Oct 20, 2015 07:33 GMT  ·  By

John Brennan woke up on October 18 and was greeted by a New York Post headline that read that an unknown teen hacker had managed to compromise his personal AOL email account, steal important documents, and then leak them on Twitter.

The hacker (@phphax on Twitter) says he managed to break into Brennan's AOL email account after he and two friends posed as Verizon employees and then tricked another employee into revealing personal details for Brennan's account.

This included Brennan’s Verizon account number ID, 4-digit PIN code, secondary phone number, AOL email address, and the last four numbers for his bank account.

They then used this information to reset the password for Brennan's AOL email account, from where they managed to steal sensitive government information, attached to some emails, which the CIA director sent to his personal email from his White House issued mail account.

Hackers stole over 40 emails with sensitive information

The hack took place on October 12, and the hackers found over 40 emails containing sensitive information, which they slowly started leaking on Twitter and on anonymous text-hosting websites the following days.

Twitter took down the tweets immediately, and AOL deactivated Brennan's email account on Friday, October 16. After the tweets were taken down, the hacker also claims to have sent some of the documents to one of Anonymous' Twitter accounts.

The hacker had access to Brennan's email account for three days.

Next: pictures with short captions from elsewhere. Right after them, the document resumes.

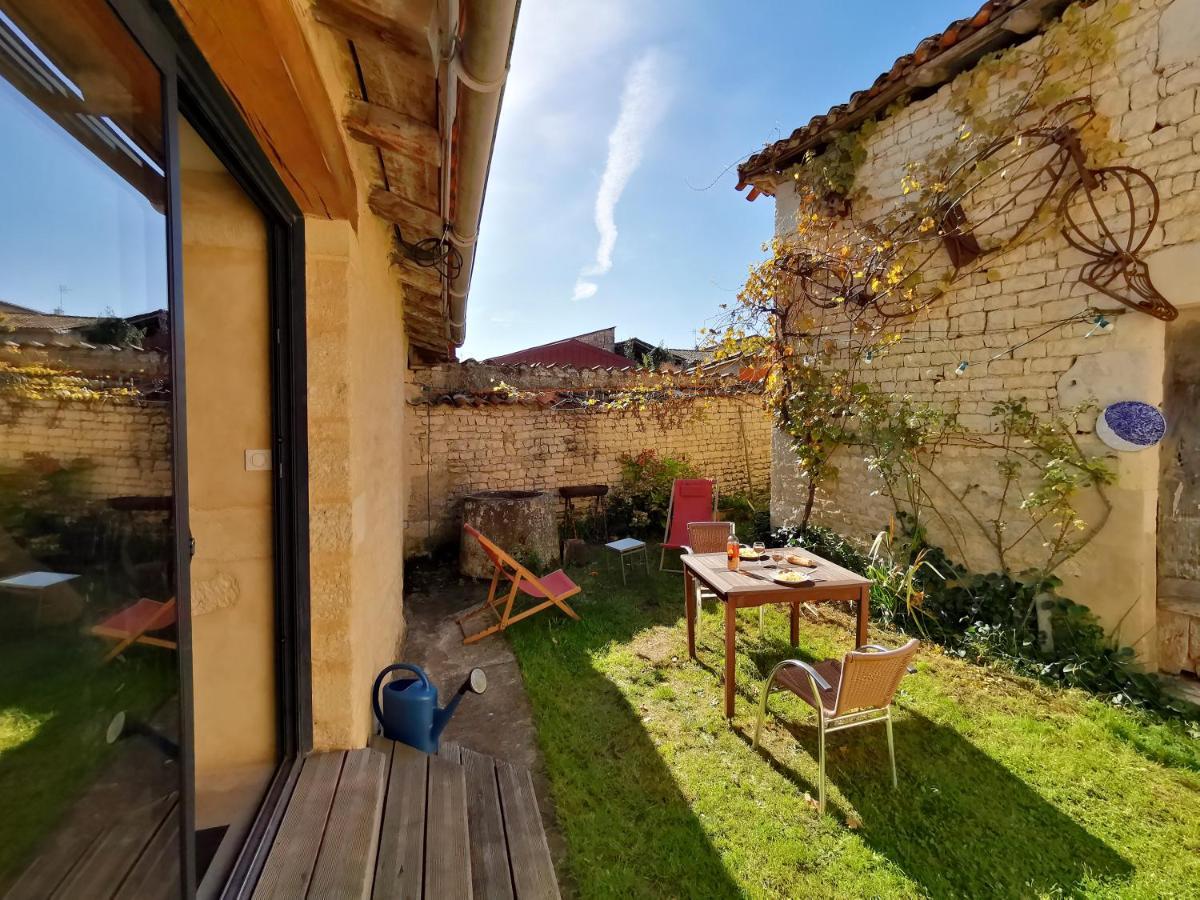 La Maison De Thomas Saint-Amant-de-Boixe Экстерьер фото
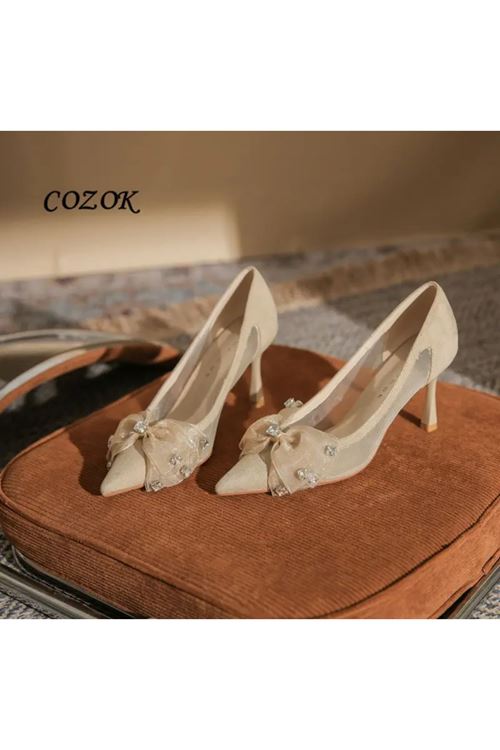 الأحذية النسائية الصيفية كعب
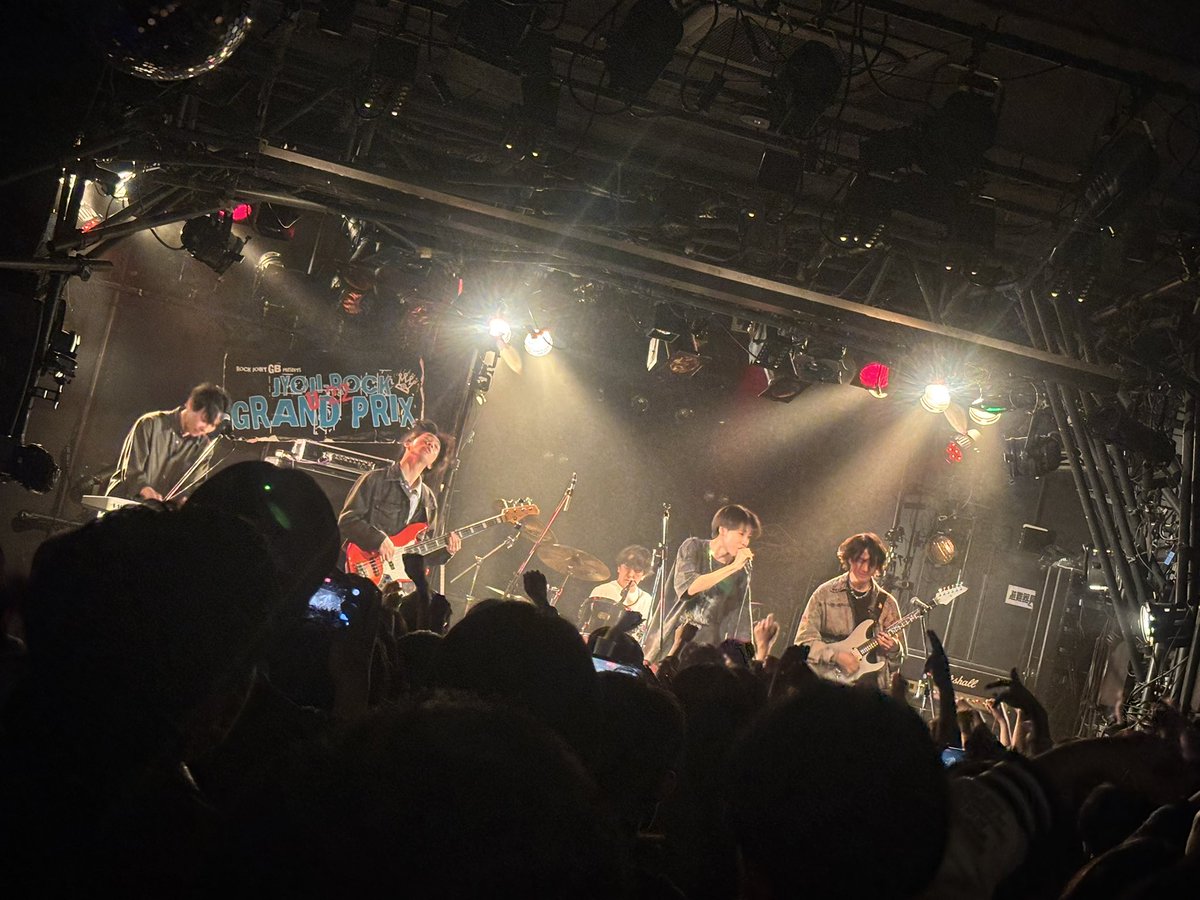 JYOJIROCK's tweet photo. ［決勝戦21組目］
Adornament

勢いがめちゃくちゃあって、全力で音楽を表現してきてくれています！！！
歌声がハスキーでめちゃかっこいい！！！
集大成を見せつけてくれました！ https://t.co/Qeartej6UJ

Brennan possibly detected the intrusion and reset his password three times, but the attacker re-accessed the account every time.

Hackers personally called Brennan to inform him of the hack

During this time, the hackers called Brennan to inform him his account was hijacked and jokingly ask for two trillion dollars. After this incident, the AOL account was taken down.

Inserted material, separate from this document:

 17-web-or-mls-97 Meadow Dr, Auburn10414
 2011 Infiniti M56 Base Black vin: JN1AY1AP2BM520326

The sensitive information found in Brennan's AOL account includes: documents Brennan filled to get security clearance for the CIA's applications and projects, records on some CIA employees, and phone call logs from July 20 to October 12 with Avril Haines, the White House's Deputy National Security Advisor, former CIA Deputy Director.

The hacker gave several interviews to major US news outlets and even said that, at one point, during August, he prank-called CIA headquarters, managing to get in contact with Brennan himself, reciting Brennan's SSN (Social Security Number) and then hanging up.

The hacker is a US high school student

In the same interviews, the hacker said he is a US citizen, not Muslim, but carried out the attacks because he opposes the US' aggressive foreign policy.

The unnamed hacker also claims to have hacked US Homeland Security Secretary Jeh Johnson. In this case, the hacker was allegedly able to access Johnson's Comcast account and listen to his voicemail. He also posted billing information from Johnson's account on Twitter, but that account is now suspended.

As you'd expect, the CIA, FBI, Secret Service, and any other US law enforcement agency under the sun are investigating this case.

"In today’s environment of advanced and targeted threats, it is imperative to assume that data breaches will happen, and proactively take steps to protect sensitive documents inside and outside an organization," said data leakage prevention expert, Scott Gordon, COO of FinalCode, a file security company. "File encryption, usage controls and gateway content filtering would allow the CIA, as an example, to discover the data exfiltration. Really, with all of the layers of security that can be put to bear, it behooves all organizations to take preventative measures in order to protect files."